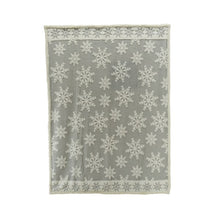 Load image into Gallery viewer, Grey Snowflake Christmas Throw

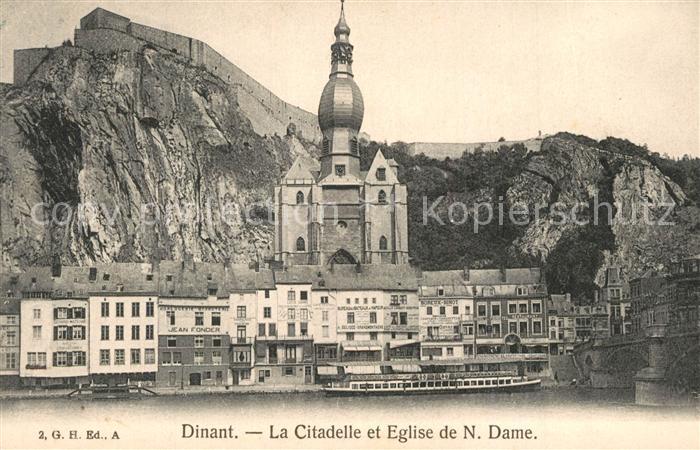 Dinant Wallonie La Citadelle Eglise de Notre Dame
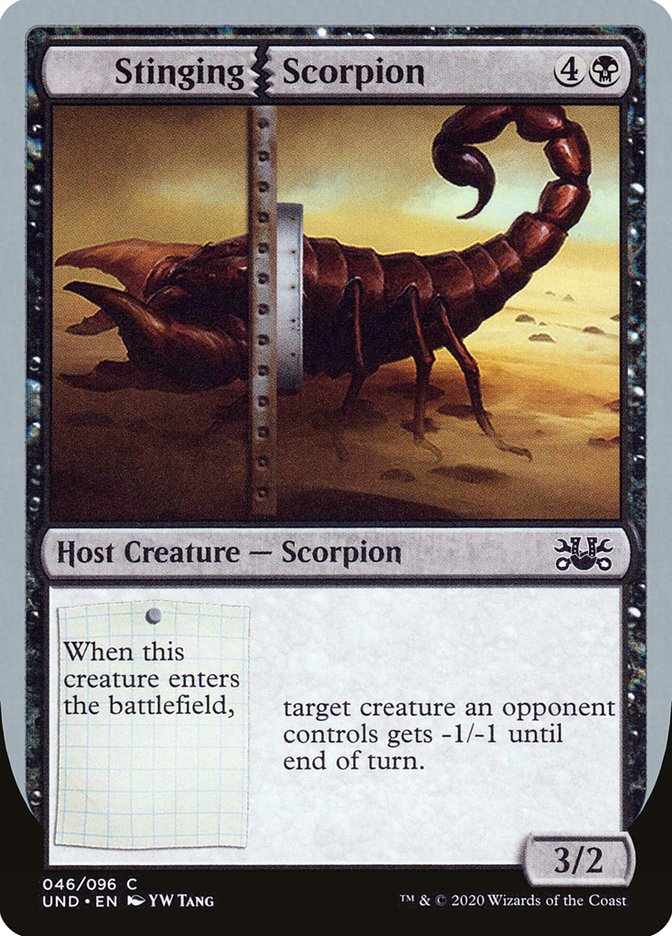 Stinging Scorpion [Unsanctioned] | Card Merchant Takapuna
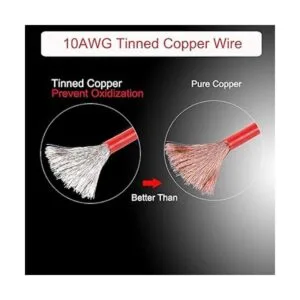 Paquete de 2 Arnés de terminal SAE a anillo tórico de 2_6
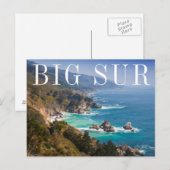 Big Sur Californië kust Briefkaart (Voorkant / Achterkant)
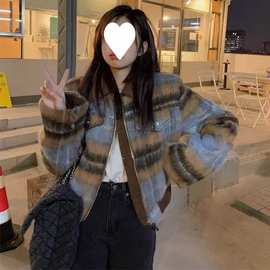 2023新爆款百搭春秋冬毛呢小香风外套女高级设计感小众上衣小个子
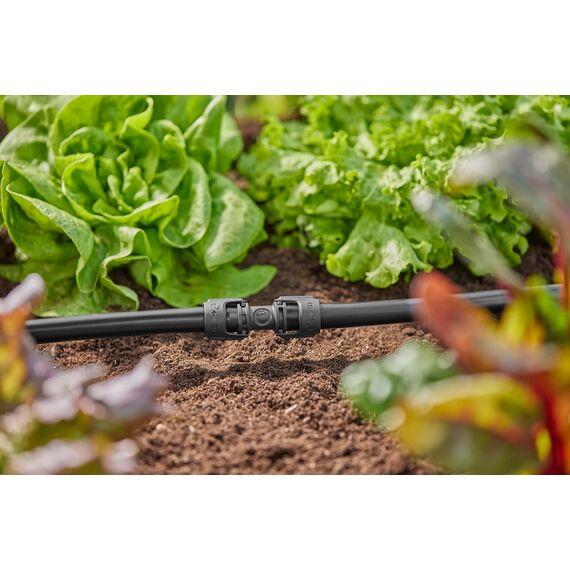 Gardena Micro-Drip-System Verbinder 13 mm (1/2 Zoll): Verbindungsstück für Rohrverlängerung des Verlege- und Tropfrohrs, 13 mm (1/2 Zoll), wiederverwendbar (13203-20)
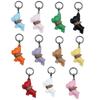 Car Hanging Ornament Key Chain PU Leather French Bulldog Key Chain Creative Gift Bag Charm Pendant Decoration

[WORK TASK]: The line that contains "Gardena Micro-Drip-System Verbinder" begins the part to retype, and the last line of the records above ends it. Retype both and everything between, exactly, without the pictures.

[REPLY]:
 Gardena Micro-Drip-System Verbinder 13 mm (1/2 Zoll): Verbindungsstück für Rohrverlängerung des Verlege- und Tropfrohrs, 13 mm (1/2 Zoll), wiederverwendbar (13203-20)
 Car Hanging Ornament Key Chain PU Leather French Bulldog Key Chain Creative Gift Bag Charm Pendant Decoration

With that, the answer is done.